As an employee, leaving a job can leave you feeling bittersweet, sad, or even excited! But how does your employer feel? Although most people don’t stay at one job forever, it can still be shocking and disruptive when an employee decides to leave.
Employees leave for many reasons. A survey carried out by Salary.com shows the top 10 reasons why people leave their jobs including; 57.2% inadequate compensation, 37.3% career advancement, 34.2% insufficient recognition, 20.1% boredom, 16.9% inadequate benefits, 15.3% lack of professional development, 11.8% insufficient job security, 10.5% stress, 10% poor relationships with management, 9% undesirable commute. Whatever the reason, employees should always keep in mind how a “bad” exit from their current employer can affect their career down the line.

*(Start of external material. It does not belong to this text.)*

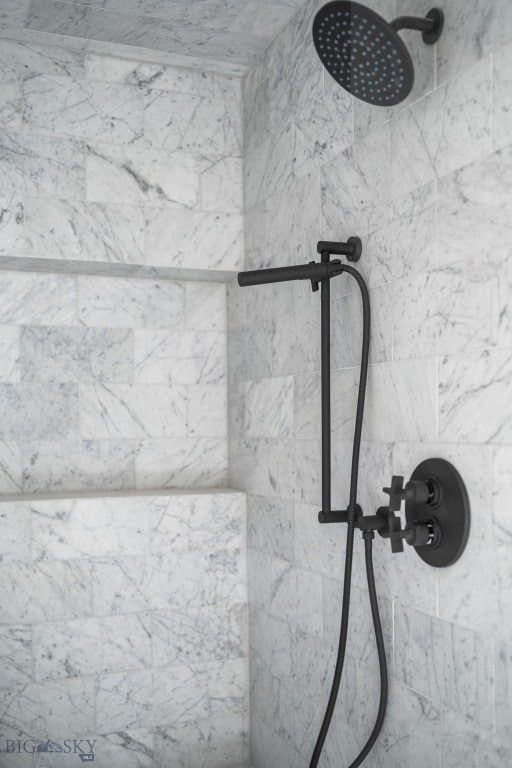 room details featuring a tile shower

Do you want a good recommendation or future business contact? In an age where technology really doesn’t let us lose track of contacts (i.e. Social Media), it is more important than ever not to burn bridges! This is just one huge reason why you should make sure that your former employer(s) and coworkers remember you in a good way.
1. Don’t boast...have a discussion with your boss instead
The first thing you should do after making the decision to leave is have a discussion with your immediate boss. Give reasons why you are leaving and have an honest conversation. Based on this conversation, your boss will do one of two things; either he/she will wish you well or make you a counter offer influence your decision to leave. At this point it is completely up to you on how to proceed but at least whatever you do will be perceived as a positive.

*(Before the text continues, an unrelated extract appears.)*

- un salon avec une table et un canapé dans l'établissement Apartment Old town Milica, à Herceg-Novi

If you still choose to leave try to keep the news on a need to know basis. Many organizations have a set way that they like to break the news to their employees. Respect the process and bow out graciously.

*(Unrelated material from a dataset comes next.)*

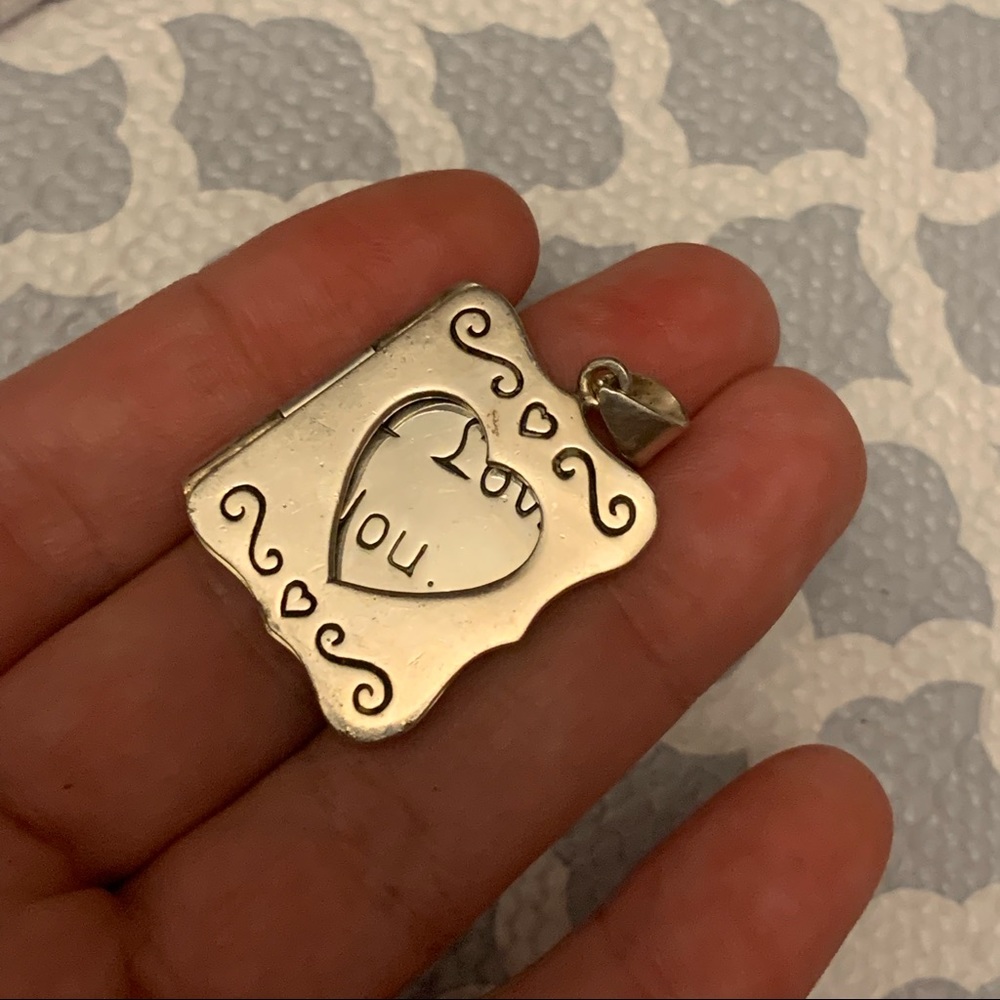 Vintage ‘I love you’ 925 silver picture locket 0.49g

2. Leave on a high note...tie up loose ends
Where appropriate, leave a “how to” guide for your replacement and offer to be accessible for a few weeks after you leave to answer any questions to ease the transition. It may also be a good idea to write "thank you" parting notes to colleagues that you will be leaving behind. Showing concern and the desire to tie up loose ends will ease any anxiety associated with your departure and allow you to leave behind a positive legacy.
3. Timing...give notice
Assuming that you have been in a job for any real length of time, it is not unreasonable to give a minimum of two week’s notice. Remember, if you decide just to walk out and never look back, there may be backlash from your employer (e.g. no reference). Also, remember your former employer needs to fill the role left vacant by your departure. Most often it’s not as simple as posting the job and receiving a response from the perfect candidate. Most jobs take serious effort to fill and employers need time to find the best possible candidate so, give as much notice as you can.
Also, to make it easier on yourself, give notice on a Friday. The weekend allows you to avoid the next day weirdness of giving notice and it gives everyone else some time to adjust to your news of leaving.
So, burning bridges is definitely not considered a best practice when it comes to transitioning to another job. By being honest and respecting your current employer’s policies and business needs you will be able to make a smooth exit and trust me, you’ll be glad that you did.